设置 Dataframe loc 导致 SQL 字符串 - 元组错误

Setting Dataframe loc result in SQL string - Tuples Error

当我在 pd.read_sql_query 字符串中使用 df.loc 值时出现元组错误。

import pyodbc as db
import pandas as pd

#Connection String
Conn = db.connect('Driver={driver};Server=server;Database=db;Trusted_Connection=yes')

#DataFrame that stores SQL LookUp Table
dfSQLLookUp = pd.read_sql_query('Select col1, 
col2 from dbo.LookUp_TableNames', Conn)

#Loop to store table in Dataframe and (eventually) ouput to Excel file
varIndex = -1
for i in dfSQLLookUp.itertuples():
varIndex += 1
dfResults = pd.read_sql_query('if (exists (select * from information_schema.TABLES where TABLE_SCHEMA = dbo and TABLE_NAME = {})) select * from dbo.{} else print table does not exist'.format(dfSQLLookUp.loc[varIndex, 'SQLTableNameColumn']), Conn)

当我打印 df.loc 值时:

import pyodbc as db
import pandas as pd

#Connection String
Conn = db.connect('Driver={driver};Server=server;Database=db;Trusted_Connection=yes')

#DataFrame that stores SQL LookUp Table
dfSQLLookUp = pd.read_sql_query('Select col1, 
col2 from dbo.LookUp_TableNames', Conn)

varIndex = -1
for i in dfSQLNames.itertuples():
    varIndex += 1
    print (dfSQLNames.loc[varIndex, 'IFSFlatFileName'])

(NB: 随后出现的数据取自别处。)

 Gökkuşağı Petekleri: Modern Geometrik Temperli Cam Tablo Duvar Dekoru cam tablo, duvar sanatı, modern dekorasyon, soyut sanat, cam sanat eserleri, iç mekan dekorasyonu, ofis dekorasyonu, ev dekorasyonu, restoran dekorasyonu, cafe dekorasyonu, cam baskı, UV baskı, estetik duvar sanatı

返回了正确的字符串值。这是 pd.read_sql_query 语法的问题吗?还是元组错误?感谢任何见解。

元组错误文本:

dfResults = pd.read_sql_query('if (exists (select * from information_schema.TABLES where TABLE_SCHEMA = dbo and TABLE_NAME = {})) select * from dbo.{} else print table does not exist'.format(dfSQLLookUp.loc[varIndex, 'SQLTableNamesColumn']), Conn) IndexError: tuple index out of range Press any key to continue . . .

正如@MaxU 在评论中提到的,Pandas / SQL Alchemy 不支持 T-SQL。这很可能是引发元组错误的原因。为了绕过 Pandas / SQL Alchemy 的限制,我在 SQL 中创建了一个存储过程来填充查找 table。我还必须在过程中设置 NOCOUNT ON,因为在 Python 中调用过程时出现 NullType 错误。下面是最终结果。希望这可以帮助其他人代替我。

import pyodbc as db
import pandas as pd

#Database Connection String
Conn = db.connect('Driver={driver};Server=server;Database=db;Trusted_Connection=yes')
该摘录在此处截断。